**MATERIAL FOR THIS TASK:**
####################

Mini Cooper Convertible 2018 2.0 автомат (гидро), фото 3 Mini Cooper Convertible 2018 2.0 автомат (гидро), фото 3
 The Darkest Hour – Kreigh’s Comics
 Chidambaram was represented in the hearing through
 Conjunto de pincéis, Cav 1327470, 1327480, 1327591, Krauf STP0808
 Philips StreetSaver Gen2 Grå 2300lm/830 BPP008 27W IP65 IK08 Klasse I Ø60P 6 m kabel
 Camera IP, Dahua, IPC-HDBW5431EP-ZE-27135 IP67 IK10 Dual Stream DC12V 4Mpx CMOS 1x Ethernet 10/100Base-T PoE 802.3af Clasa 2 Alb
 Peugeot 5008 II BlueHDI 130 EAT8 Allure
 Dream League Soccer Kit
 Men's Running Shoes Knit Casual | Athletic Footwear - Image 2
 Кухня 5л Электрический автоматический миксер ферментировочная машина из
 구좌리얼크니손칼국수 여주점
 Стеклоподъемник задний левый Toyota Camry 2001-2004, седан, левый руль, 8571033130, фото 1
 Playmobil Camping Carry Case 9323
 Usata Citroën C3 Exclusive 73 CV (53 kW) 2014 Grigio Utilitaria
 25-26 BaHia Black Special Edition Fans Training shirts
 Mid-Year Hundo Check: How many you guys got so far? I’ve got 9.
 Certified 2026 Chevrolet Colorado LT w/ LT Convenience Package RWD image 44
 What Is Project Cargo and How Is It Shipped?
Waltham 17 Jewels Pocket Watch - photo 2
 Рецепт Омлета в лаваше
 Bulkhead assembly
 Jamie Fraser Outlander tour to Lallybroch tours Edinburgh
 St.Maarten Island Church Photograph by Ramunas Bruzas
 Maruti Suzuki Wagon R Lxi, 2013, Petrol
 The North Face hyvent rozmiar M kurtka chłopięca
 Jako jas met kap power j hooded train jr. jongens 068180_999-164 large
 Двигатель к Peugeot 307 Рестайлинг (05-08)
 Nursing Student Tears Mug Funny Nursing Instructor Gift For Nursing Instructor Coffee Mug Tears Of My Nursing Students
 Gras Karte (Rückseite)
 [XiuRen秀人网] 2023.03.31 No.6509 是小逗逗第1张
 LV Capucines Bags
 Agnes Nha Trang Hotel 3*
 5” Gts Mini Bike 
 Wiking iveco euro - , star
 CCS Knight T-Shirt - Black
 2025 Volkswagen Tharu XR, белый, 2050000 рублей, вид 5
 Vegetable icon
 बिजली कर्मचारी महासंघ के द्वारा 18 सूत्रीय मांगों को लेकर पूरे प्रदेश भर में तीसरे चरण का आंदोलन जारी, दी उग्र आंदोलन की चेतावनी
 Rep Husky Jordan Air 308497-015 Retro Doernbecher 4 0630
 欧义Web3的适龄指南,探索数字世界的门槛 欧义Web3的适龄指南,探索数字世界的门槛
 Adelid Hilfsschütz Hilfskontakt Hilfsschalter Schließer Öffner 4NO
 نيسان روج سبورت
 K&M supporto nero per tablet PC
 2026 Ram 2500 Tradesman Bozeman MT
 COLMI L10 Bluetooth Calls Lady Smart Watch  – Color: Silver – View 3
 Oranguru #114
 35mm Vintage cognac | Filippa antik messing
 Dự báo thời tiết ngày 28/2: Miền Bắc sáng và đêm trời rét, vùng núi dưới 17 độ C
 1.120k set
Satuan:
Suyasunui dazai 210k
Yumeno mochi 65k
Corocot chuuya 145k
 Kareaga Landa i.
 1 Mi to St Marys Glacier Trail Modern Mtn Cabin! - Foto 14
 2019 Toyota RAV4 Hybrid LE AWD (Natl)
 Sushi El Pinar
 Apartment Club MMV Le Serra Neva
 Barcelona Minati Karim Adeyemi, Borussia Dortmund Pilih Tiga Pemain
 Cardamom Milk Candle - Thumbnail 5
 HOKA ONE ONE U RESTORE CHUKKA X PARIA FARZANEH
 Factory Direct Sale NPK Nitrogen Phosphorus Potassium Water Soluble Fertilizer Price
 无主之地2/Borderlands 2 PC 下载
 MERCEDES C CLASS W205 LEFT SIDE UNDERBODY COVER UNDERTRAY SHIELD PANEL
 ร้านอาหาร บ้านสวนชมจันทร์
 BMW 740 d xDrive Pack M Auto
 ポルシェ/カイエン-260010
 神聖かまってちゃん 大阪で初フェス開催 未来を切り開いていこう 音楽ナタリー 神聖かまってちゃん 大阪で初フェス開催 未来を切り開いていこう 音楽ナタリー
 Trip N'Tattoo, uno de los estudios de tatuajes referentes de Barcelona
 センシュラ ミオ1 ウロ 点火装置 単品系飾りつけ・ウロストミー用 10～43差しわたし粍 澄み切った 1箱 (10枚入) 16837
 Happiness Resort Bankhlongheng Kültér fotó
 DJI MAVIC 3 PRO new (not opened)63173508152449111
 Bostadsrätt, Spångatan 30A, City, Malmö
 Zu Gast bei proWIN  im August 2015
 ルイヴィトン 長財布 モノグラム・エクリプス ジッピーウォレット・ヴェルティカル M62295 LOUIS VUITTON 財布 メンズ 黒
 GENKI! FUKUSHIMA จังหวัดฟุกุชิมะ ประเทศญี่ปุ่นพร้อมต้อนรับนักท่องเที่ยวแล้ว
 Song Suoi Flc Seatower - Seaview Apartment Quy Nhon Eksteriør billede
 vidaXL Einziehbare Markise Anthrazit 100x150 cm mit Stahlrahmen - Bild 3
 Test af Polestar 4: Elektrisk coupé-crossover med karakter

####################

**TO DO:** Looking at the entries above, can you reproduce exactly the lines from the one that holds "Corocot chuuya 145k" through the one that holds "无主之地2/Borderlands 2 PC 下载", and only those?

**OUTPUT:**
Corocot chuuya 145k
 Kareaga Landa i.
 1 Mi to St Marys Glacier Trail Modern Mtn Cabin! - Foto 14
 2019 Toyota RAV4 Hybrid LE AWD (Natl)
 Sushi El Pinar
 Apartment Club MMV Le Serra Neva
 Barcelona Minati Karim Adeyemi, Borussia Dortmund Pilih Tiga Pemain
 Cardamom Milk Candle - Thumbnail 5
 HOKA ONE ONE U RESTORE CHUKKA X PARIA FARZANEH
 Factory Direct Sale NPK Nitrogen Phosphorus Potassium Water Soluble Fertilizer Price
 无主之地2/Borderlands 2 PC 下载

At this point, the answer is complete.